Problem to solve: When you reach the line below that has "Closeup of Macedonia", start returning lines exactly, and stop after the line that has "Flat design illustration"; skip the pictures.

Record extracts:
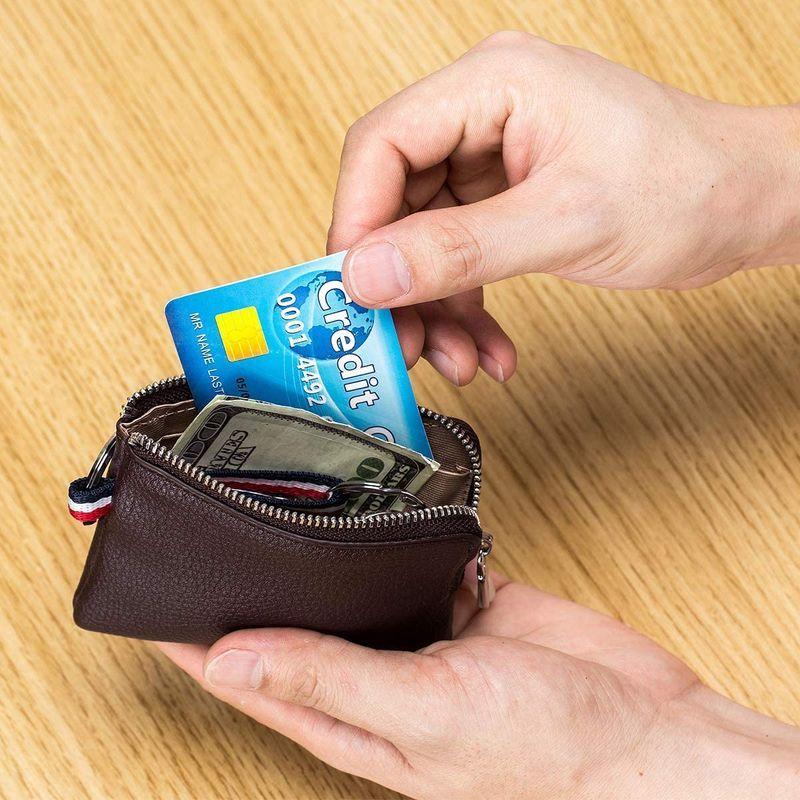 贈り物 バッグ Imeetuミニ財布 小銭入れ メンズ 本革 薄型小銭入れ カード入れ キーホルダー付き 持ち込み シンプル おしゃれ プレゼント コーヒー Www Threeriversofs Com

* * *

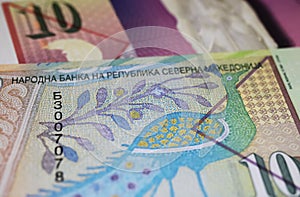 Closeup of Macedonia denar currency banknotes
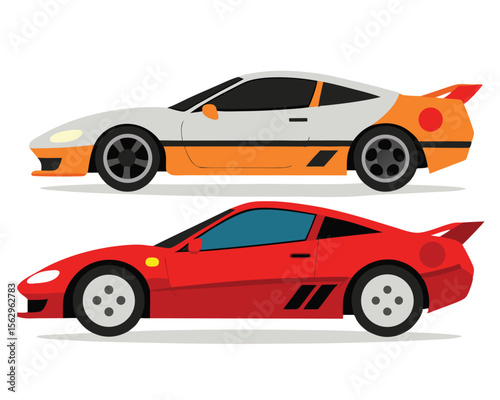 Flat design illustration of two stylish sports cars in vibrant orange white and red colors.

---

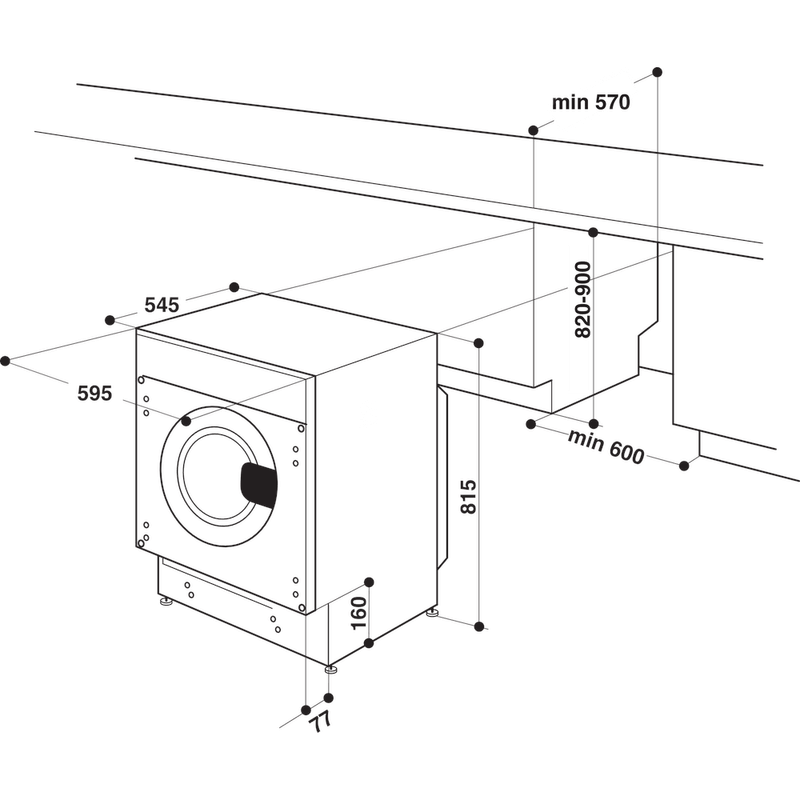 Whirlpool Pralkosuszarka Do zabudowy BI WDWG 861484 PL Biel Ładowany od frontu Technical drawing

Solution:
 Closeup of Macedonia denar currency banknotes
 Flat design illustration of two stylish sports cars in vibrant orange white and red colors.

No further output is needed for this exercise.